Amazon Athena
User Guide  | API Reference

What is Amazon Athena?

Amazon Athena is an interactive query service that makes it easy to analyze data directly in Amazon Simple Storage Service (Amazon S3) using standard SQL. With a few actions in the AWS Management Console, you can point Athena at your data stored in Amazon S3 and begin using standard SQL to run ad-hoc queries and get results in seconds.

Athena is serverless, so there is no infrastructure to set up or manage, and you pay only for the queries you run. Athena scales automatically—executing queries in parallel—so results are fast, even with large datasets and complex queries.

When should I use Athena?#

Athena helps you analyze unstructured, semi-structured, and structured data stored in Amazon S3. Examples include CSV, JSON, or columnar data formats such as Apache Parquet and Apache ORC. You can use Athena to run ad-hoc queries using ANSI SQL, without the need to aggregate or load the data into Athena.

Athena integrates with the AWS Glue Data Catalog, which offers a persistent metadata store for your data in Amazon S3. This allows you to create tables and query data in Athena based on a central metadata store available throughout your AWS account and integrated with the ETL and data discovery features of AWS Glue. For more information, see Integration with AWS Glue and What is AWS Glue in the AWS Glue Developer Guide.

Athena integrates with Amazon QuickSight for easy data visualization.

You can use Athena to generate reports or to explore data with business intelligence tools or SQL clients connected with a JDBC driver. For more information, see What is Amazon QuickSight in the Amazon QuickSight User Guide and Connecting to Amazon Athena with JDBC.

You can create named queries with AWS CloudFormation and run them in Athena. Named queries allow you to map a query name to a query and then call the query multiple times referencing it by its name. For information, see CreateNamedQuery in the Amazon Athena API Reference, and AWS::Athena::NamedQuery in the AWS CloudFormation User Guide.

Accessing Athena#

You can access Athena using the AWS Management Console, through a JDBC connection, using the Athena API, or using the Athena CLI.

Understanding Tables, Databases, and the Data Catalog#

Before you create tables and run queries, it may be helpful to know what the terms table, database, and data catalog mean with respect to Athena, and how those relate to the underlying datasets you want to work with and analyze.

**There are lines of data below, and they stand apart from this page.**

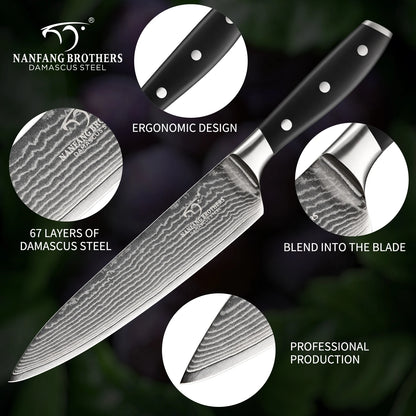 Premium 8-Inch Damascus Chef Knife - Effortless Precision - Gift-Ready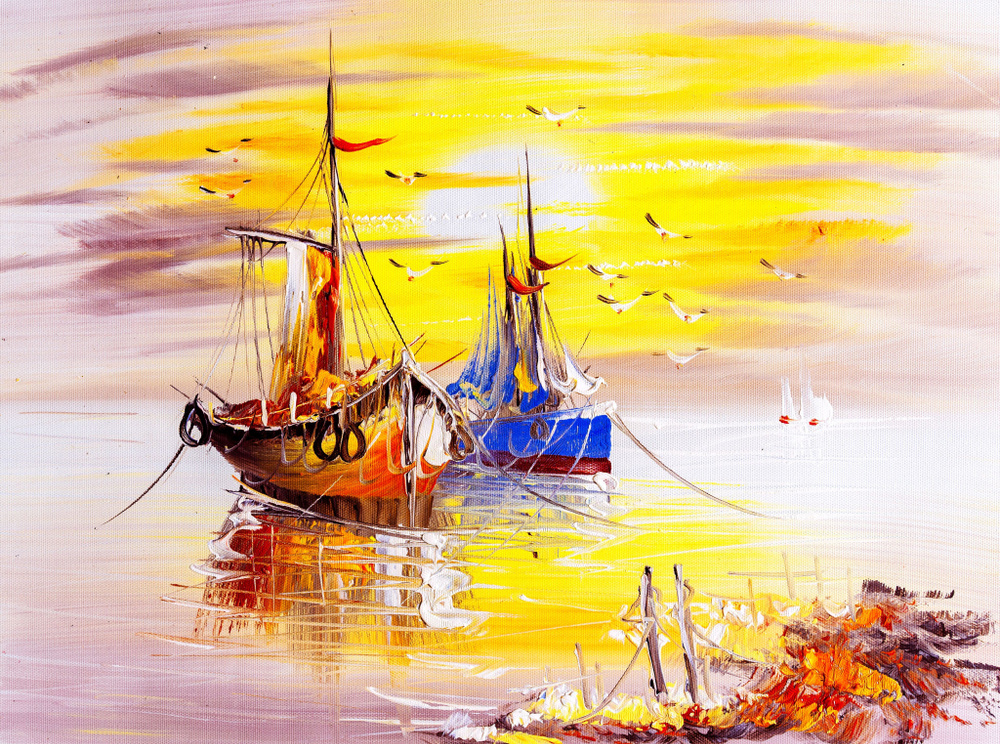 Print-911 Картина "Корабли" 30x40 см #1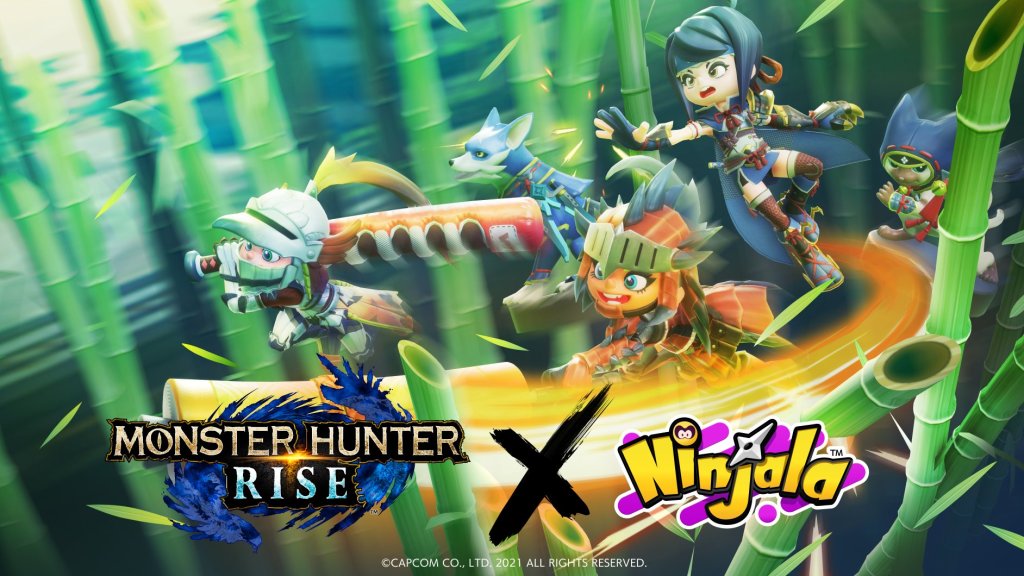 Monster Hunter Rise débarque dans Ninjala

In Athena, tables and databases are metadata definitions that define a schema for underlying source data. Athena uses the AWS Glue Data Catalog to store and retrieve this metadata, using it when you run queries to analyze the underlying dataset. Databases are simply a logical grouping of tables to help you organize. Like tables, they consist only of metadata.

The metadata for a table tells Athena where the data is located in Amazon S3, specifies the structure of the source data, specifies the schema of the table (for example, the column names, data types, and name of the table), and so on.

The AWS Glue Data Catalog is accessible throughout your AWS account. Other AWS services can share the AWS Glue Data Catalog, so you can see databases and tables created throughout your organization using Athena and vice versa. In addition, AWS Glue has powerful features to automatically discover data schema and to extract, transform, and load (ETL) data.

From within Athena, you can use an AWS Glue crawler to create a table automatically.

For more information about AWS Glue and crawlers, see Integration with AWS Glue.

Note

If you have tables in Athena created before August 14, 2017, they were created in an Athena-managed data catalog that exists side-by-side with the AWS Glue Data Catalog until you choose to update. For more information, see Upgrading to the AWS Glue Data Catalog Step-by-Step.

You can also choose to create tables and databases manually. When you do, Athena uses HiveQL data definition language (DDL) statements such as CREATE TABLE, CREATE DATABASE, and DROP TABLE under the hood to create tables and databases in the AWS Glue Data Catalog.

You can create tables and databases manually in Athena in the following ways:

  • Use the AWS Management Console for Athena to run the Create Table Wizard.
  • Use the AWS Management Console for Athena to write Hive DDL statements in the Query Editor.
  • Use the Athena API or CLI to execute a SQL query string with DDL statements.
  • Use the Athena JDBC driver.

When you query an existing table, under the hood, Amazon Athena uses Presto, a distributed SQL engine. We have examples with sample data within Athena to show you how to create a table and then query against it using Athena. Athena also has a tutorial in the console that helps you get started creating a table based on data that is stored in Amazon S3.

  • For a step-by-step tutorial on creating a table and write queries in the Athena Query Editor, see Getting Started.
  • Run the Athena tutorial in the console. This launches automatically if you log in to the AWS Management Console for Athena for the first time. You can also choose Tutorial in the console to launch it.